He wanted to be able to finally make a record that would feature him as a real solid composer, that would not just keep repeating the same lightning-speed licks over and over again. An intentional move, of course whereas I wouldn’t want to accuse Alvin of sharing the famous “guitar hero complex” that managed to overtake such six-string greats as Clapton and Jeff Beck in the early Seventies, it’s at least clear that on A Space In Time the man was keen on cutting out the crap and fully concentrating on the melodies and real musical substance. One thing strikes you immediately as you let all the tracks flow through your mind, one by one – where’s the fingerflashing? This sounds nothing like what we’ve grown to expect from the band because the main trademark element of the sound, Alvin’s blazing speedy chops, are completely missing. Alvin’s guitar is not idle either and his songwriting reached a peak at this time – never to be surpassed again. Unarguably the band’s strongest and most consistent effort since the Ssssh days, A Space In Time continues the line of Watt in its heavy use of synthesizers and special effects, but this time the members probably took out some time to make these thingamajigs actually work. Still, if there ever was a period in which they were real close to embodying some “progressive” tendencies, it was this fall of 1971, with this extremely strange, un-Ten Years After-like album, and this really great bunch of songs, with hardly a major stinker in among all the melodies.

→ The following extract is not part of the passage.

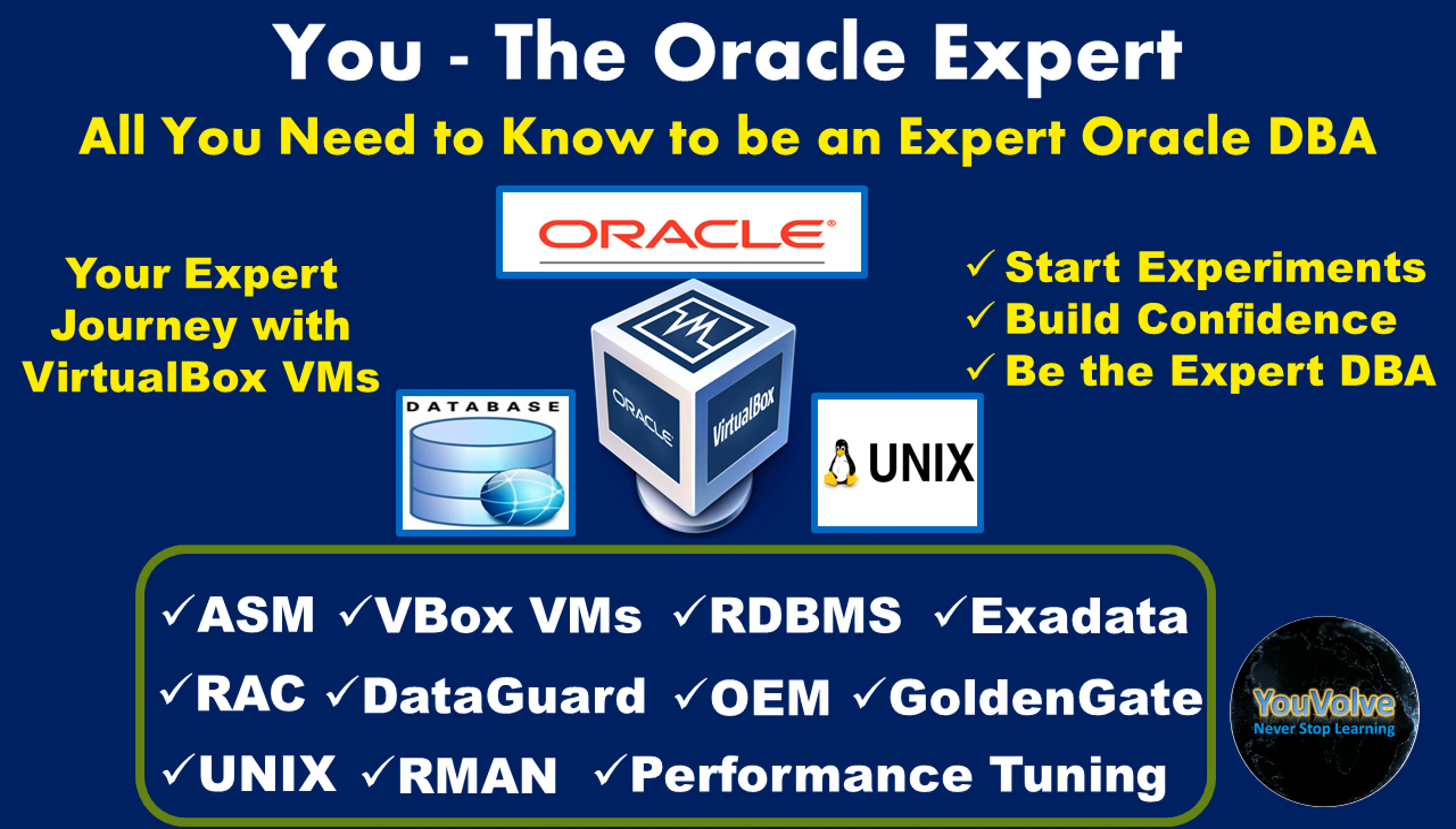Hello viewers, this is Manash welcoming you to the series, You the Oracle Expert.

TEN YEARS AFTER SPACE IN TIME FULL ALBUM MAC
Despite all the hype, Ten Years After could never have earned the title of a “prog-rock” band: sometimes they are mistakenly lumped in with the movement, but Alvin and Co.’s ambitions never really amounted that high – for the most part, they were just hardcore blues rockers with a slight experimental edge, to distinguish them from colleagues like early Fleetwood Mac or Free.